» DATASET RECORDS

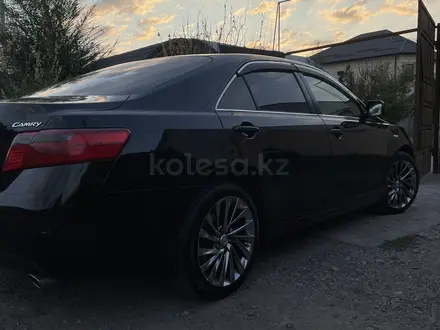 Toyota Camry 2008 года за 6 700 000 тг. в Тараз – фото 5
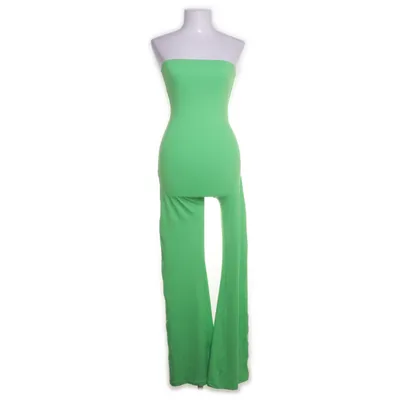 Jumpsuit (Grün) von PrettyLittleThing Elasthan, Polyester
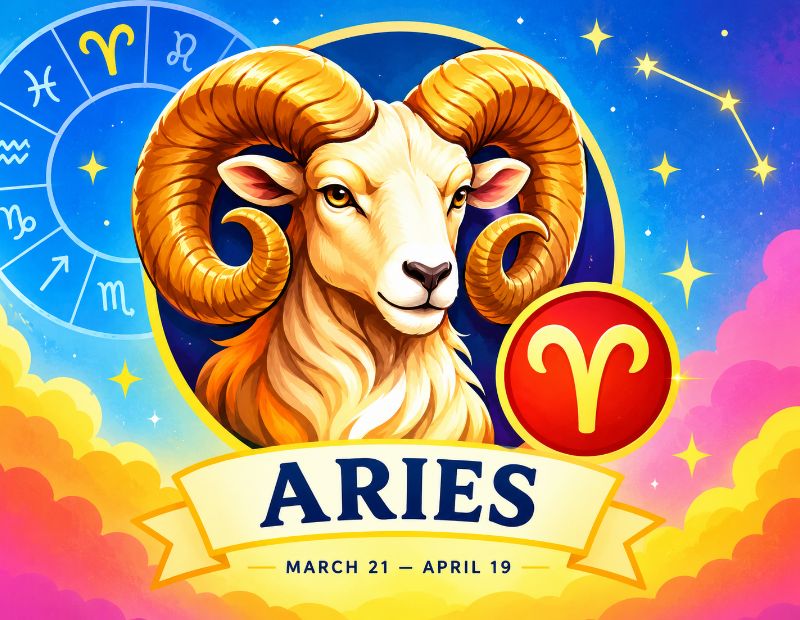 Aries Symbol 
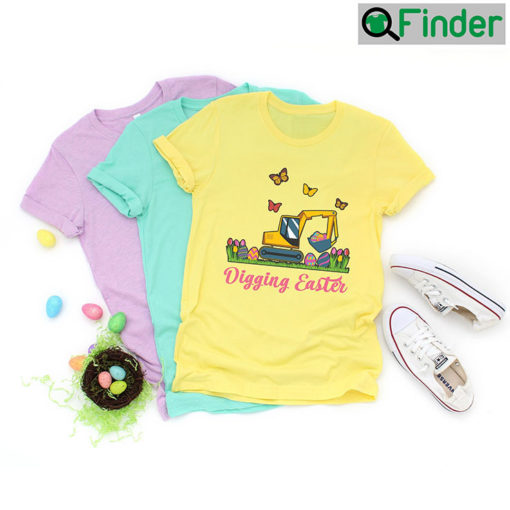 Digging Easter Party Tee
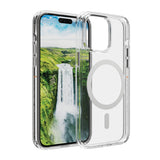 Dbramante1928 Iceland Ultra D3o Magsafe Funda Para Iphone 15 Prom Transparente, Blanco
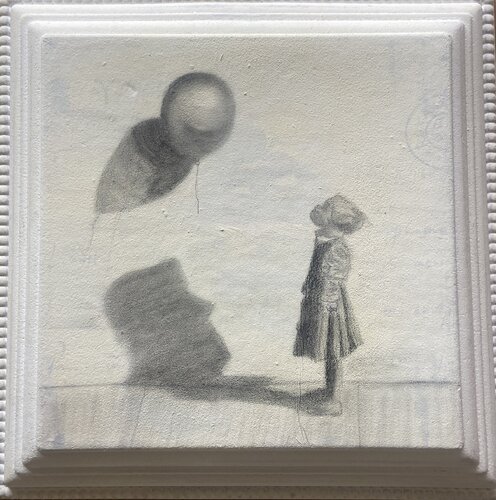 Miedo e ilusiones van Alejandra Patricia, Tekening te koop op Singulart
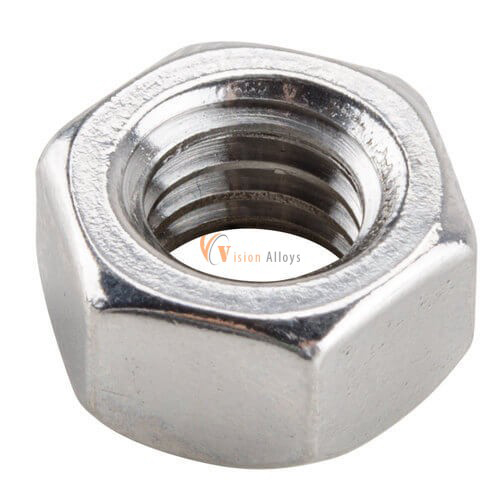 Hex Nuts By VISION ALLOYS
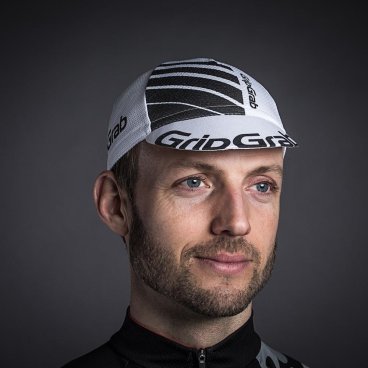 Кепка GripGrab Summer Cycling Cap, полиэстер/хлопок, белый, 5022O02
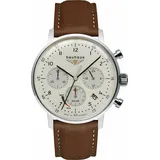 Bauhaus Dessau Chronograph Leder 41 mm 2086-5
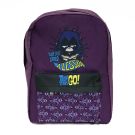 Ghiozdan cu 2 compartimente Teen Titans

» EXERCISE GOAL
Every line from the one containing "Digging Easter Party Tee" through the last line of the data is to be retyped exactly, with nothing added and no pictures included.

» EXERCISE RESPONSE
 Digging Easter Party Tee
 Dbramante1928 Iceland Ultra D3o Magsafe Funda Para Iphone 15 Prom Transparente, Blanco
 Miedo e ilusiones van Alejandra Patricia, Tekening te koop op Singulart
 Hex Nuts By VISION ALLOYS
 Кепка GripGrab Summer Cycling Cap, полиэстер/хлопок, белый, 5022O02
 Bauhaus Dessau Chronograph Leder 41 mm 2086-5
 Ghiozdan cu 2 compartimente Teen Titans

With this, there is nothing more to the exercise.